Question

Я очень плохо знаком с C и борюсь с правильным управлением памятью, и сталкиваюсь с многочисленными ошибками сегментов в моей программе.

Моя конечная цель - взять текстовый файл и количество потоков. введите в качестве пользовательских аргументов, получите размер файла, а затем разделите файл на основе количества потоков, введенных пользователем.

Каждый поток будет затем читать часть файла и затем извлекать токены из своего блока. чтение. Если токен больше 5 символов, его нужно добавить в массив вместе с количеством раз, которое токен встречался во всем тексте. Так что, в конце концов, я надеюсь получить список из первых n слов> 5, используемых в тексте.

Однако, возможно, это мой третий раз, когда я использую C, и я немного борюсь и получаю довольно несколько ошибок. Я пытался проработать это сам, используя valgrind и другие инструменты отладки, но я довольно растерян.

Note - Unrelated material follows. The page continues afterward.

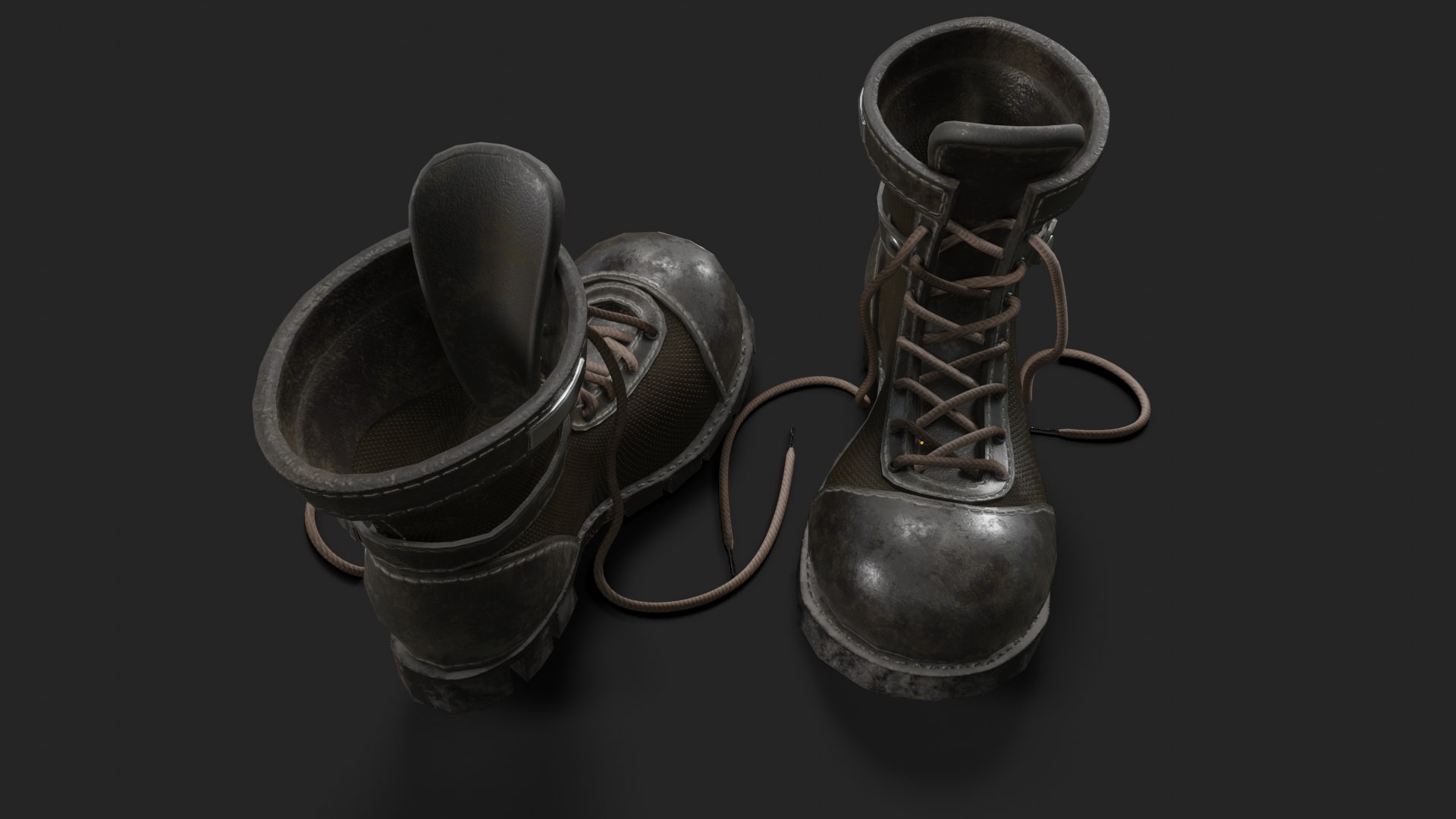 Boots Blender Model - TurboSquid 1438216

От valgrind я получаю следующие сообщения:

==27634== 1 errors in context 1 of 5:
==27634== Conditional jump or move depends on uninitialised value(s)
==27634==    at 0x50B7B4C: vfprintf (vfprintf.c:1642)
==27634==    by 0x50BFF25: printf (printf.c:33)
==27634==    by 0x10919F: main (in /home/student/Desktop/hw2/main)
==27634== 
==27634== 
==27634== 1 errors in context 2 of 5:
==27634== Conditional jump or move depends on uninitialised value(s)
==27634==    at 0x50B7014: vfprintf (vfprintf.c:1642)
==27634==    by 0x50BFF25: printf (printf.c:33)
==27634==    by 0x10919F: main (in /home/student/Desktop/hw2/main)
==27634== 
==27634== 
==27634== 1 errors in context 3 of 5:
==27634== Conditional jump or move depends on uninitialised value(s)
==27634==    at 0x50B3875: _itoa_word (_itoa.c:179)
==27634==    by 0x50B6F0D: vfprintf (vfprintf.c:1642)
==27634==    by 0x50BFF25: printf (printf.c:33)
==27634==    by 0x10919F: main (in /home/student/Desktop/hw2/main)
==27634== 
==27634== 
==27634== 1 errors in context 4 of 5:
==27634== Use of uninitialised value of size 8
==27634==    at 0x50B386B: _itoa_word (_itoa.c:179)
==27634==    by 0x50B6F0D: vfprintf (vfprintf.c:1642)
==27634==    by 0x50BFF25: printf (printf.c:33)
==27634==    by 0x10919F: main (in /home/student/Desktop/hw2/main)
==27634== 
==27634== 
==27634== 1 errors in context 5 of 5:
==27634== Conditional jump or move depends on uninitialised value(s)
==27634==    at 0x50B78DA: vfprintf (vfprintf.c:1642)
==27634==    by 0x50BFF25: printf (printf.c:33)
==27634==    by 0x10919F: main (in /home/student/Desktop/hw2/main)
==27634== 
==27634== ERROR SUMMARY: 5 errors from 5 contexts (suppressed: 0 from 0)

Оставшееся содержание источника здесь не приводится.